TitleThe MMM exhibition
Duration04 October 2016 to 29 January 2017
VenueCité de la musique Philharmonie de Paris
Opening HoursTuesday to Friday 12:00 - 18:00 / Saturday and Sunday 10:00 - 19:00
|Title||The MMM exhibition||Posted In||Exhibition||Duration||04 October 2016 to 29 January 2017|
|Venue||Cité de la musique Philharmonie de Paris||Opening Hours||Tuesday to Friday 12:00 - 18:00 / Saturday and Sunday 10:00 - 19:00||Location||
221 Avenue Jean Jaurès
One would not normally associate the Philharmonie de Paris with the visual arts but a new series of exhibitions that brings together photography and music aims to change this perception. Combining the work of French singer-songwriter Matthieu Chedid (better known under his stage name -M-) and English photographer Martin Parr, two virtuosos in their respective fields, “MMM” (Matthieu aime Martin or Martin meets Matthieu) at Philharmonie’s Cité de la Musique, the first in the series, is a truly multi-sensory exhibition that invites the visitor to become immersed in a hybrid world of colourful sounds and mellifluous pictures.
What captivated Chedid in Parr’s work—the ideas for an artistic collaboration was Chedid’s—was, in his own words, “a combination of aesthetics, derision, kindness and tenderness” and indeed Parr’s work zooms in on modern society’s overlooked details with a satirical yet empathetic eye in order to find the extraordinary in the ordinary. Characterized by saturated colours that hark back to the postcards of the 1970s, as well as black and white, and oscillating between the garish, the quaint and the nostalgic, his pictures chronicle life in the West, filtered through societal concepts of leisure, consumption and communication.

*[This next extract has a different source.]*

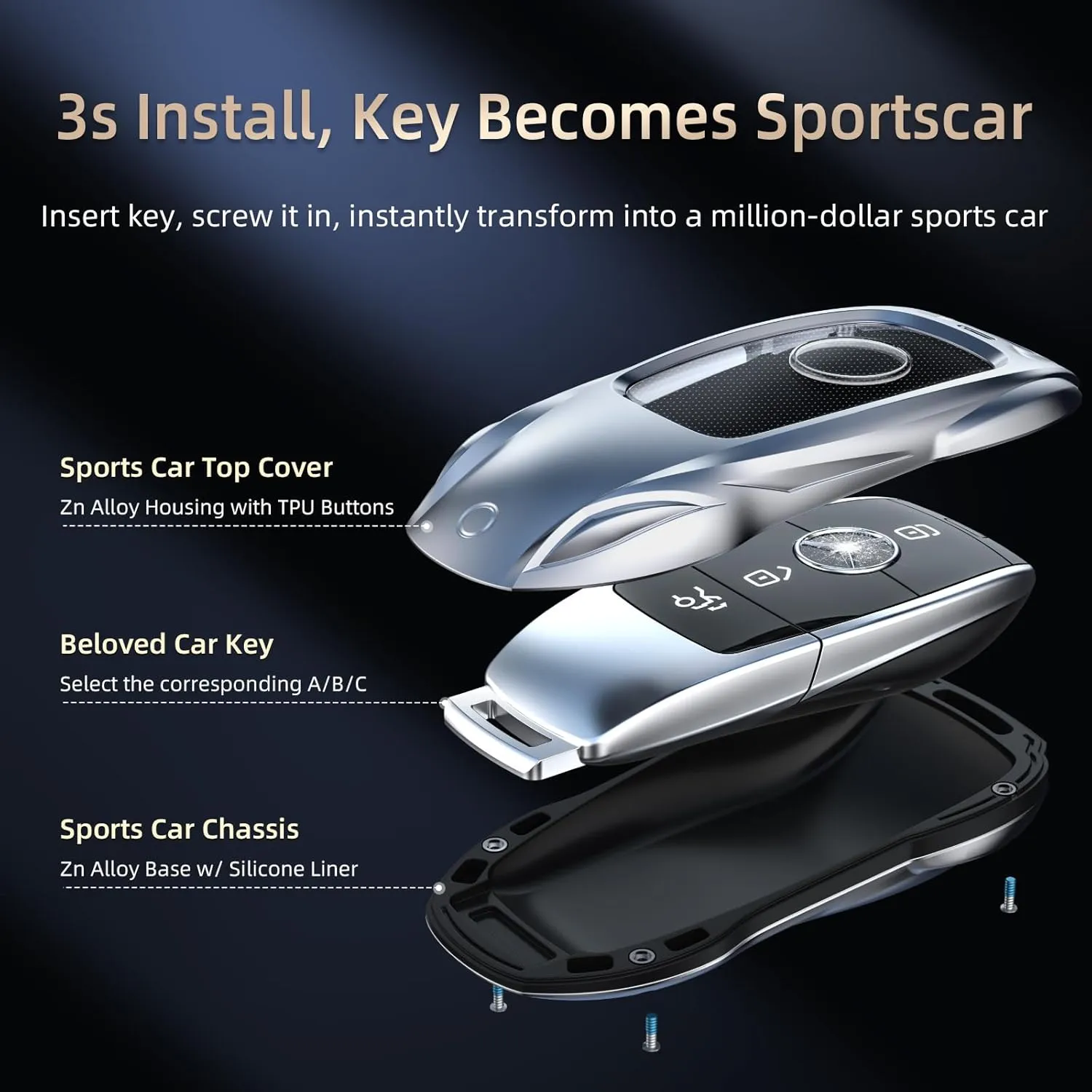 for Benz Key Fob Cover,Fit A B C E G S R Class SL SLC CLS CLA GLB GLC GLE GLS AMG CLK ML SLK Key Case Shell (Fashion Silver，for Benz-A)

The exhibition, co-curated by Sam Stourdzé, Chedid and Parr, was first presented at the Église des Frères-Prêcheurs in Arles under the auspices of the Rencontres d'Arles photography summer festival, and the installation at Cité de la Musique in Paris retains the church’s immersive ambience by designing a space of dark surfaces and low illumination where the only brightly lit objects are the pictures.

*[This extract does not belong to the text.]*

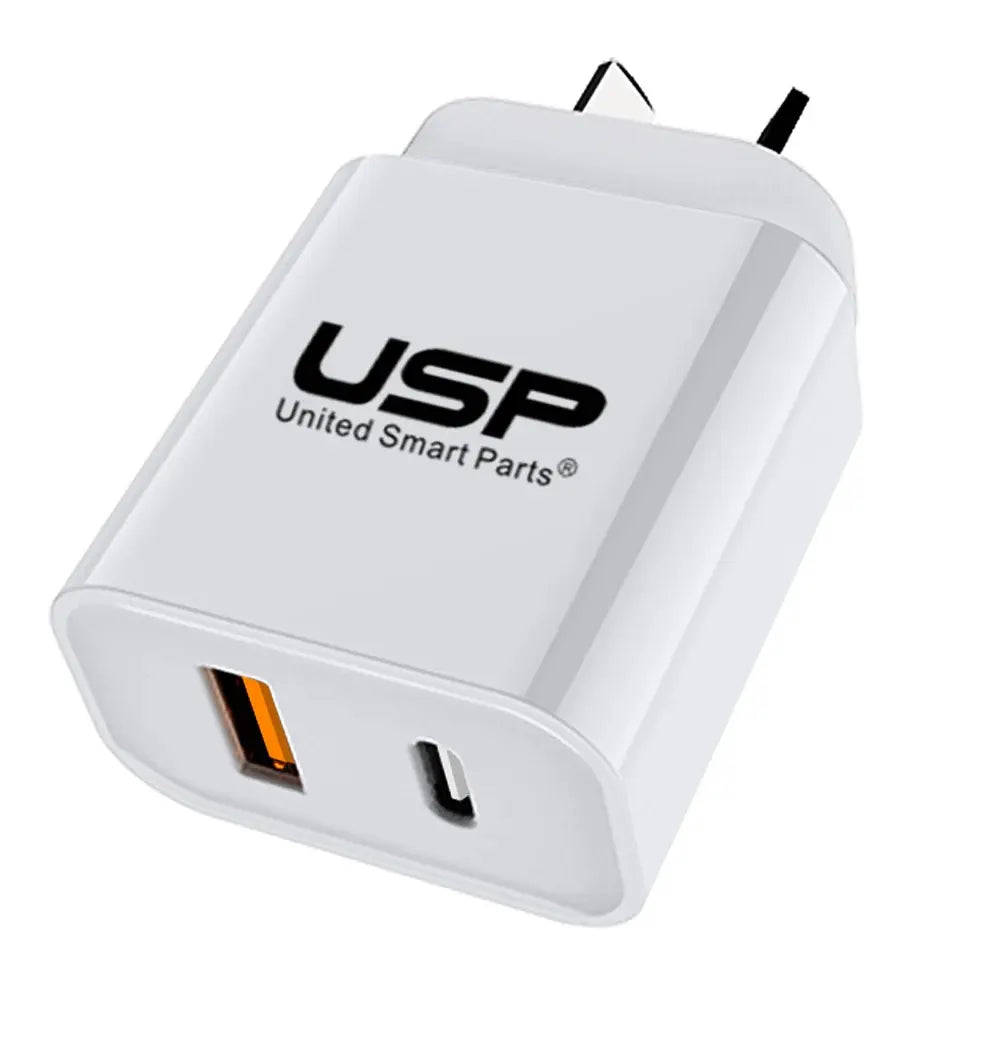 USP 20W Dual Port Fast Wall Charger - White, 1xUSB-C(20W PD), 1xUSB-A(18W QC 3.0), Compact and Li...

Functioning as a mini-retrospective with more than 500 photographs, Parr’s work is grouped in nine thematic chapters featuring themes such as animals (real and imaginary), headdresses and congregations, each paired with a unique soundtrack, specially composed by Chedid, which is arranged around one music instrument (electric guitar, acoustic guitar, celesta etc). Although the matching of the pictorial theme and the specific instrument may seem somehow arbitrary, the result is a tour de force of creative collaboration that captivates visitors from the moment they walk in.
The images are presented in different formats, from black and white framed prints to floor-to-ceiling posters but what immediately catches the visitor’s attention are the multiple wall projections of large-scale colour images, in front of which deck chairs have been set up for visitors to relax in and enjoy the musical-pictorial spectacle. The deck chairs, specially made for the show featuring Parr’s photos, perfectly complement the nostalgia that underpins Parr’s work but also allude to his life-long fascination with the seaside —his 1986 book “The Last Resort” about the seaside resort of New Brighton is said to have launched his international career.
As visitors walk around the exhibition, pulled in and out of each audiovisual installation, each music composition swells and fades but is never fully silenced. It’s as if an orchestra has been “deconstructed” giving visitors the task of mentally reconstructing the distinct sounds into a virtual concerto, a poetic process that mirrors Parr’s photographs which challenge viewers to see the bigger picture out of the fragments they depict.
Rounding up this truly multi-sensory exhibition is an installation that also includes the sense of touch. Here, visitors are invited to sit down on a specially designed deck where Chedid’s bass arrangement can also be experienced through vibrations. Towering across the deck is a floor-to-ceiling print of Parr’s photo “Clare College May Ball, Cambridge, England”, which fittingly captures the moment, late at a fancy cocktail party in an upper class home, when the guests have shed their inhibitions, taken off their shoes and sat on the floor, an experience not so different to the one this exhibition invites visitors to partake in.